Прозрение - Урсула Ле Гуин
Шрифт:
Интервал:
Закладка:
Тропа вывела меня на какую-то почти безлюдную дорогу, узкую и покрытую колдобинами. Дорога эта тянулась и тянулась без конца, все дальше уводя меня ото всего того, что я еще помнил и хотел забыть. Я все шел и шел и наконец попал в какой-то город, где на рынке купил себе еды на несколько дней и грубое коричневое одеяло, чтобы не замерзнуть ночью. Потом я снова двинулся в путь, и вскоре дорога привела меня в жалкую, заброшенную деревушку, где меня облаяли выбежавшие из дворов собаки, а потому я решил там не останавливаться. Да мне и не для чего, собственно, было там останавливаться.

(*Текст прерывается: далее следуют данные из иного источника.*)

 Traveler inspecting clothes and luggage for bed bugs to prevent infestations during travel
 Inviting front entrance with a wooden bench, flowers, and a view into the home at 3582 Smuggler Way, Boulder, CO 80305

После той деревушки дорога превратилась в узкую извилистую тропку. На округлых холмах, где я не заметил ни одного распаханного поля, паслись и жирели овцы; их охраняли крупные серые пастушьи собаки. Собаки непременно вставали и внимательно следили за мной, когда я проходил мимо. В лощинах меж холмами густо росли деревья, и в этих рощах я устраивался на ночлег. Воду я пил из маленьких ручейков, что струились среди деревьев. Когда у меня совсем не осталось еды, я стал искать там и что-нибудь съедобное. Но было еще слишком рано, и мне попалось только несколько ранних ягодок земляники; впрочем, я и не знал толком, что и как искать, чтобы хоть немного утолить голод, а потому бросил это занятие и пошел дальше. Тропа по-прежнему вилась среди холмов. Меня стал донимать голод, и в голове мелькнула мысль — нет, не воспоминание, просто мимолетная мысль, — о том, что, пока меня очень неплохо кормили в святилище у жрецов, один очень близкий мне человек так сильно голодал, что погубил этим своего еще не родившегося ребенка. Так что теперь по справедливости наступила моя очередь голодать.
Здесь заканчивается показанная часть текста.